By the way, I was amazed that the comments on Murakami-san's post are full of kindness and compassion. How can you give such a wonderful responses...? Are they all counselors? I would love to be like this. So, I studied their method a little bit and found that they summarized what they heard from the other person and added positive words on top of it. For the sake of learning, I am excerpting some of the comments posted...there should be no problem because they are all publicly posted, I believe...?)
- Tanimura-san must have been happy to find you in the audience. It's not easy to buy a ticket with your own money to go see a concert that you were supposed to be in.
- He was so kind to teach you a lesson and fire you then, and that's why Gosspellers is where it is today."
- It's a page of bitter memories that you will never forget, isn't it. We, the fans, will be watching closely on behalf of Tanimura-san for the future activities of Gospellers, which he will no longer be able to see! Little by little, may Murakami-san's sadness be quelled...
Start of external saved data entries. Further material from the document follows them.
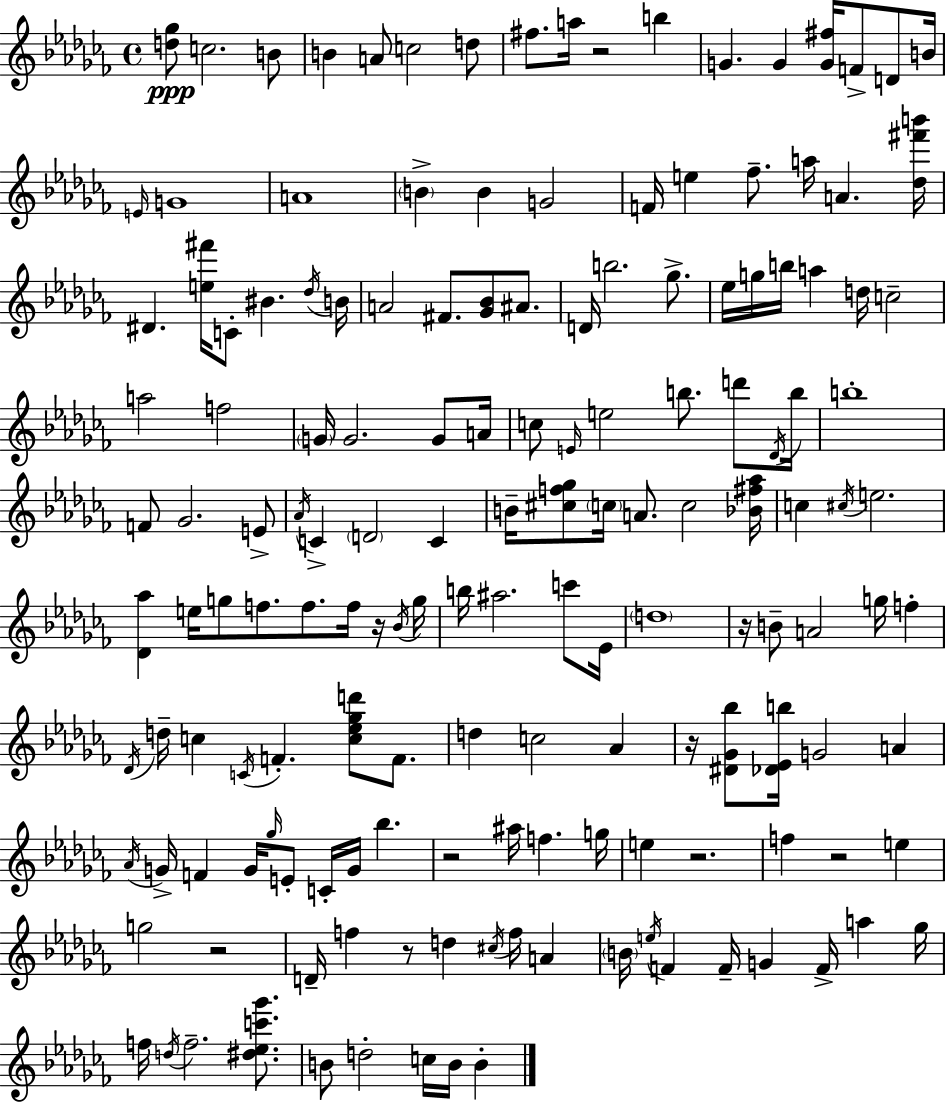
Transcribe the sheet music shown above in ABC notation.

X:1
T:Untitled
M:4/4
L:1/4
K:Abm
[d_g]/2 c2 B/2 B A/2 c2 d/2 ^f/2 a/4 z2 b G G [G^f]/4 F/2 D/2 B/4 E/4 G4 A4 B B G2 F/4 e _f/2 a/4 A [_d^f'b']/4 ^D [e^f']/4 C/2 ^B _d/4 B/4 A2 ^F/2 [_G_B]/2 ^A/2 D/4 b2 _g/2 _e/4 g/4 b/4 a d/4 c2 a2 f2 G/4 G2 G/2 A/4 c/2 E/4 e2 b/2 d'/2 _D/4 b/4 b4 F/2 _G2 E/2 _A/4 C D2 C B/4 [^cf_g]/2 c/4 A/2 c2 [_B^f_a]/4 c ^c/4 e2 [_D_a] e/4 g/2 f/2 f/2 f/4 z/4 _B/4 g/4 b/4 ^a2 c'/2 _E/4 d4 z/4 B/2 A2 g/4 f _D/4 d/4 c C/4 F [c_e_gd']/2 F/2 d c2 _A z/4 [^D_G_b]/2 [_D_Eb]/4 G2 A _A/4 G/4 F G/4 _g/4 E/2 C/4 G/4 _b z2 ^a/4 f g/4 e z2 f z2 e g2 z2 D/4 f z/2 d ^c/4 f/4 A B/4 e/4 F F/4 G F/4 a _g/4 f/4 d/4 f2 [^d_ec'_g']/2 B/2 d2 c/4 B/4 B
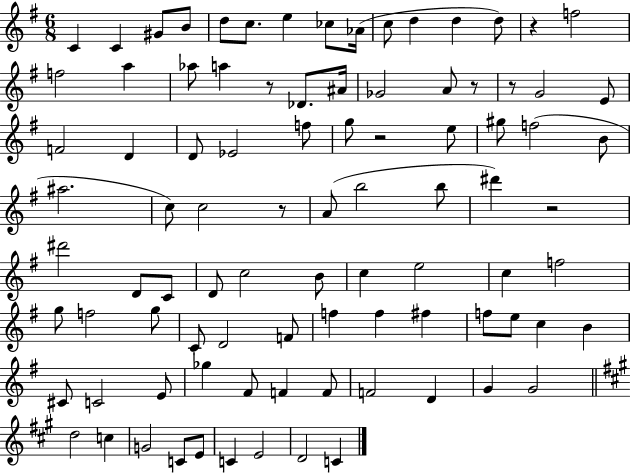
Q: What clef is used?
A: treble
- Thank you for sharing this precious anecdote. It may have been a painful and frustrating event for you, but it was a big event that made you determined to discipline yourself for the sake of Gospellers' activities. Tanimura-san, from now on, will watch over you from the sky. I will continue to support you and the Gospellers as they face their music with sincerity.
- Murakami-san, you were prepared to deal with Tanimura-san's presence and his harsh treatment, and you never forgot it, so it was the two of you that brought us to where we are today.
It is hard to think of grief as something that should be quelled as soon as possible or something that is better not exist, so we should try to think of it as a part of life, instead. Grief is something that allows us to understand other people's feelings. It enables us to embrace happiness wholeheartedly and try to "savor" it as an incredible event. The word "savor" is something I learned from Dr. Tomy, a psychiatrist, but it has stayed with me for some time.
Just like there are ups and downs of waves, rain and sun, summer and winter. I would like to spend my time with such a swaying, counting and appreciating all the things I am blessed with.